Requirement:
The records below need retyping in full; give them again exactly.

Data under study:
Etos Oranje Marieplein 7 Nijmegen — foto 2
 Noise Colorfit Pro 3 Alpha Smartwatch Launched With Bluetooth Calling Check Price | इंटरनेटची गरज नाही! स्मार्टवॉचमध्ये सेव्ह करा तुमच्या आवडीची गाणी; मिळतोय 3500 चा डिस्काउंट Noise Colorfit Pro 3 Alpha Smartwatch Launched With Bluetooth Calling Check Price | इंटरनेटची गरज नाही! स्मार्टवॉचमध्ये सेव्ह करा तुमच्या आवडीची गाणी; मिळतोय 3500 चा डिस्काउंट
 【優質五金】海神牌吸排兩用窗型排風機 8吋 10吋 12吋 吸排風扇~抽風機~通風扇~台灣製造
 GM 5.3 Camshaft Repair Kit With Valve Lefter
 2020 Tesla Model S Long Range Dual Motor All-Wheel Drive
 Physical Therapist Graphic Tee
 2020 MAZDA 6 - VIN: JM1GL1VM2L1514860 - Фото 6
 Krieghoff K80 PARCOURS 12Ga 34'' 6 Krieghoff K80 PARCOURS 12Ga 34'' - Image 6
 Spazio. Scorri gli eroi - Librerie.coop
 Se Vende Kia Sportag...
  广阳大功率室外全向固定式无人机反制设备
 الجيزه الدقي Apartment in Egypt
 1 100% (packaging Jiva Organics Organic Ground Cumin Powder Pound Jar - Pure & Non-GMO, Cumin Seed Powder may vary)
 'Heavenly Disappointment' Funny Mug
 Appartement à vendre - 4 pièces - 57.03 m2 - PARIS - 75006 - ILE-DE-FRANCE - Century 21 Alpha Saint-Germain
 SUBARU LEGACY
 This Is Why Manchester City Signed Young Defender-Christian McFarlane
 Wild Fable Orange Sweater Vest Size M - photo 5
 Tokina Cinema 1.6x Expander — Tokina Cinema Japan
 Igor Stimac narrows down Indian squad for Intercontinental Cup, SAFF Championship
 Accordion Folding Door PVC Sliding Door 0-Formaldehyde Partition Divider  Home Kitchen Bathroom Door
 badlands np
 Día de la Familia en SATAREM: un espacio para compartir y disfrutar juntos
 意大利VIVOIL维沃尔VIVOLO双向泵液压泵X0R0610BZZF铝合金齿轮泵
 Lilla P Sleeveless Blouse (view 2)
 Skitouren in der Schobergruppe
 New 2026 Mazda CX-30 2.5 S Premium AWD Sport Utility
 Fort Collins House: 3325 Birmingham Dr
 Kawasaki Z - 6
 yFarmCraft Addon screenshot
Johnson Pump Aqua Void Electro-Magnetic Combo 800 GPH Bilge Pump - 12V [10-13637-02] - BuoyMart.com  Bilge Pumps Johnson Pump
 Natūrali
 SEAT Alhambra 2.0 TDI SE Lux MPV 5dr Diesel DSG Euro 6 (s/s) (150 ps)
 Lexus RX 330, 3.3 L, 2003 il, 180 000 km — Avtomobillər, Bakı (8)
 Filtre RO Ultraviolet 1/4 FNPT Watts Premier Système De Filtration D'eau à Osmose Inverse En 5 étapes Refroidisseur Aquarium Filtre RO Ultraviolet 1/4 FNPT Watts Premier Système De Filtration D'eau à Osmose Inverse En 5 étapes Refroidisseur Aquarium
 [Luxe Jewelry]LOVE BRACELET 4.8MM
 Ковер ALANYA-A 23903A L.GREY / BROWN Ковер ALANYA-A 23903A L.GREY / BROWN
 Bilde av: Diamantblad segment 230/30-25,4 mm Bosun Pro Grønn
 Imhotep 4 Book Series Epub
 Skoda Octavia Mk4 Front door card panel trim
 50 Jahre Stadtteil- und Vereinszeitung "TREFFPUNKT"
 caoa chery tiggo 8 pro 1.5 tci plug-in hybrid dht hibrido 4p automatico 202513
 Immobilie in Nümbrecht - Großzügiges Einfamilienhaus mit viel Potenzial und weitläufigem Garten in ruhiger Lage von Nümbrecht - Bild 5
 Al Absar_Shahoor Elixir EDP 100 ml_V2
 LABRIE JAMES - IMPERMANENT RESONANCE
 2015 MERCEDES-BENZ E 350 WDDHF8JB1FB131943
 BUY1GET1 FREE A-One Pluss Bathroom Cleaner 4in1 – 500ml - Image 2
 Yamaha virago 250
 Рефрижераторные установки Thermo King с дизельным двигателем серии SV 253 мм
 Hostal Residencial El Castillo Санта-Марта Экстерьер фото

Exercise solution:
Etos Oranje Marieplein 7 Nijmegen — foto 2
 Noise Colorfit Pro 3 Alpha Smartwatch Launched With Bluetooth Calling Check Price | इंटरनेटची गरज नाही! स्मार्टवॉचमध्ये सेव्ह करा तुमच्या आवडीची गाणी; मिळतोय 3500 चा डिस्काउंट Noise Colorfit Pro 3 Alpha Smartwatch Launched With Bluetooth Calling Check Price | इंटरनेटची गरज नाही! स्मार्टवॉचमध्ये सेव्ह करा तुमच्या आवडीची गाणी; मिळतोय 3500 चा डिस्काउंट
 【優質五金】海神牌吸排兩用窗型排風機 8吋 10吋 12吋 吸排風扇~抽風機~通風扇~台灣製造
 GM 5.3 Camshaft Repair Kit With Valve Lefter
 2020 Tesla Model S Long Range Dual Motor All-Wheel Drive
 Physical Therapist Graphic Tee
 2020 MAZDA 6 - VIN: JM1GL1VM2L1514860 - Фото 6
 Krieghoff K80 PARCOURS 12Ga 34'' 6 Krieghoff K80 PARCOURS 12Ga 34'' - Image 6
 Spazio. Scorri gli eroi - Librerie.coop
 Se Vende Kia Sportag...
  广阳大功率室外全向固定式无人机反制设备
 الجيزه الدقي Apartment in Egypt
 1 100% (packaging Jiva Organics Organic Ground Cumin Powder Pound Jar - Pure & Non-GMO, Cumin Seed Powder may vary)
 'Heavenly Disappointment' Funny Mug
 Appartement à vendre - 4 pièces - 57.03 m2 - PARIS - 75006 - ILE-DE-FRANCE - Century 21 Alpha Saint-Germain
 SUBARU LEGACY
 This Is Why Manchester City Signed Young Defender-Christian McFarlane
 Wild Fable Orange Sweater Vest Size M - photo 5
 Tokina Cinema 1.6x Expander — Tokina Cinema Japan
 Igor Stimac narrows down Indian squad for Intercontinental Cup, SAFF Championship
 Accordion Folding Door PVC Sliding Door 0-Formaldehyde Partition Divider  Home Kitchen Bathroom Door
 badlands np
 Día de la Familia en SATAREM: un espacio para compartir y disfrutar juntos
 意大利VIVOIL维沃尔VIVOLO双向泵液压泵X0R0610BZZF铝合金齿轮泵
 Lilla P Sleeveless Blouse (view 2)
 Skitouren in der Schobergruppe
 New 2026 Mazda CX-30 2.5 S Premium AWD Sport Utility
 Fort Collins House: 3325 Birmingham Dr
 Kawasaki Z - 6
 yFarmCraft Addon screenshot
Johnson Pump Aqua Void Electro-Magnetic Combo 800 GPH Bilge Pump - 12V [10-13637-02] - BuoyMart.com  Bilge Pumps Johnson Pump
 Natūrali
 SEAT Alhambra 2.0 TDI SE Lux MPV 5dr Diesel DSG Euro 6 (s/s) (150 ps)
 Lexus RX 330, 3.3 L, 2003 il, 180 000 km — Avtomobillər, Bakı (8)
 Filtre RO Ultraviolet 1/4 FNPT Watts Premier Système De Filtration D'eau à Osmose Inverse En 5 étapes Refroidisseur Aquarium Filtre RO Ultraviolet 1/4 FNPT Watts Premier Système De Filtration D'eau à Osmose Inverse En 5 étapes Refroidisseur Aquarium
 [Luxe Jewelry]LOVE BRACELET 4.8MM
 Ковер ALANYA-A 23903A L.GREY / BROWN Ковер ALANYA-A 23903A L.GREY / BROWN
 Bilde av: Diamantblad segment 230/30-25,4 mm Bosun Pro Grønn
 Imhotep 4 Book Series Epub
 Skoda Octavia Mk4 Front door card panel trim
 50 Jahre Stadtteil- und Vereinszeitung "TREFFPUNKT"
 caoa chery tiggo 8 pro 1.5 tci plug-in hybrid dht hibrido 4p automatico 202513
 Immobilie in Nümbrecht - Großzügiges Einfamilienhaus mit viel Potenzial und weitläufigem Garten in ruhiger Lage von Nümbrecht - Bild 5
 Al Absar_Shahoor Elixir EDP 100 ml_V2
 LABRIE JAMES - IMPERMANENT RESONANCE
 2015 MERCEDES-BENZ E 350 WDDHF8JB1FB131943
 BUY1GET1 FREE A-One Pluss Bathroom Cleaner 4in1 – 500ml - Image 2
 Yamaha virago 250
 Рефрижераторные установки Thermo King с дизельным двигателем серии SV 253 мм
 Hostal Residencial El Castillo Санта-Марта Экстерьер фото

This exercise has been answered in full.